Although the economy remains strong, the public's economic anxiety about the future has been building steadily during the past half-decade. The emergence of China and India is engendering growing anti-free trade feelings (even 59 percent of Republicans now believe free trade hurts America, according to a recent Wall Street Journal poll). Ever-rising health care costs and the anticipated burden of taking care of the boomer parents as we mentally and physically start declining add to the economic fears for young and early middle-aged Americans.
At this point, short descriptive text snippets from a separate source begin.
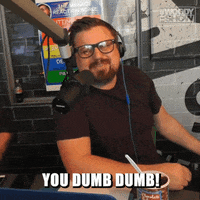 Dum Dum Idiot GIF by The Woody Show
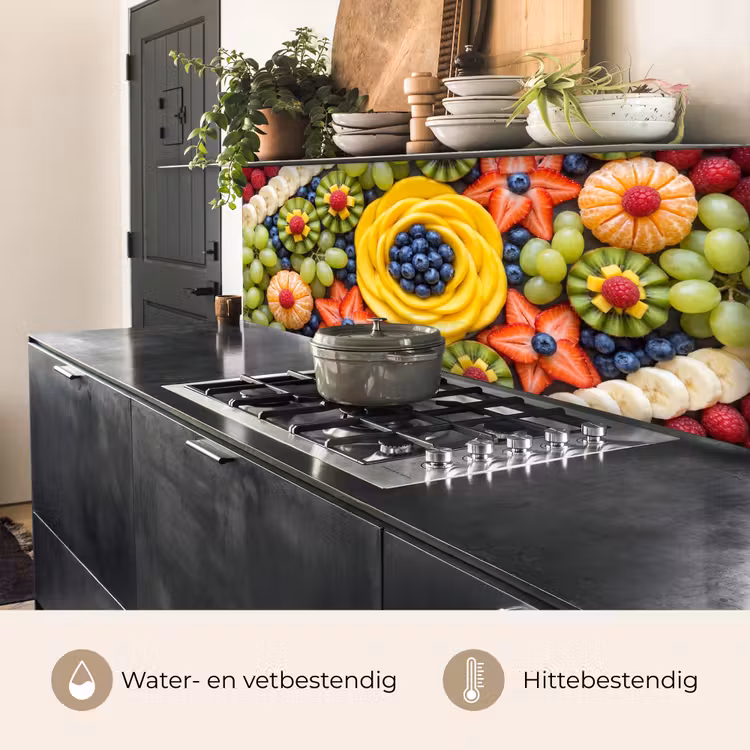 Keuken achterwand - Fruit - Arrangement - Gezond - Kleurrijk - Eten — 3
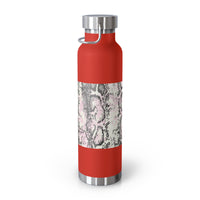 Trendy Snakeskin Insulated Water Bottle - 22oz - Perfect for Travel & Outdoor Adventures
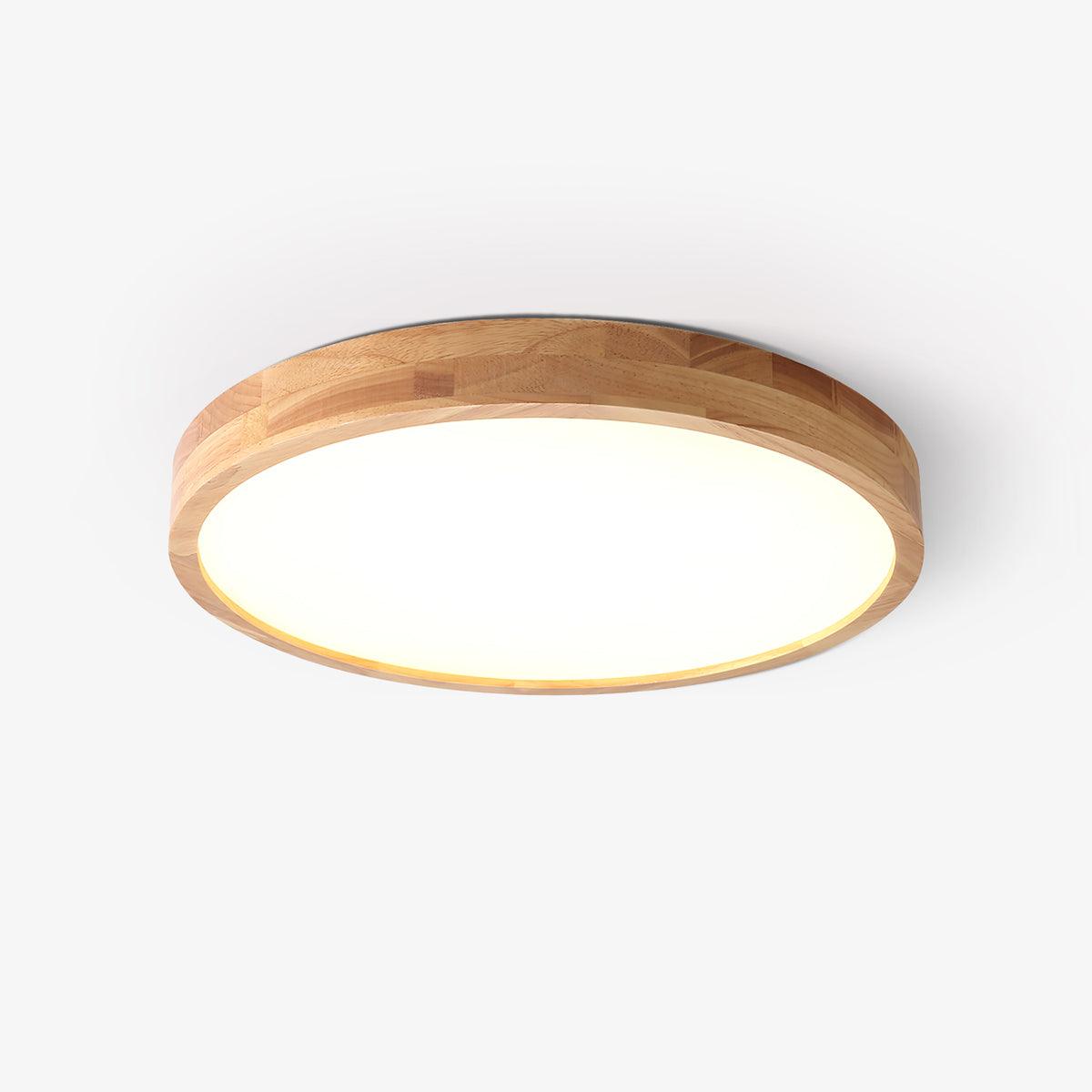 Sculpted Wood Ceiling Light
It is precisely these kinds of economic fears that Mike Huckabee is talking to (as well as his religious and culture message). Whatever happens to his candidacy in 2008, I think it is highly likely the Republican Party (as the presumed continuing vehicle for a right-of-center coalition) will have to talk persuasively to the growing economic anxiety.

It is possible that the case for confidence in continuing economic prosperity can be made convincingly to the public. In that case, the appeals of populism and big government programs may fail - at least for a sufficient percentage of the public to maintain a majority free market, low-tax coalition.

But if public economic anxiety persists amongst these key elements of the right-of-center coalition, at some point, the free market advocates will have to consider modifying their policy if the coalition that makes possible any free market policy is to continue to be politically viable.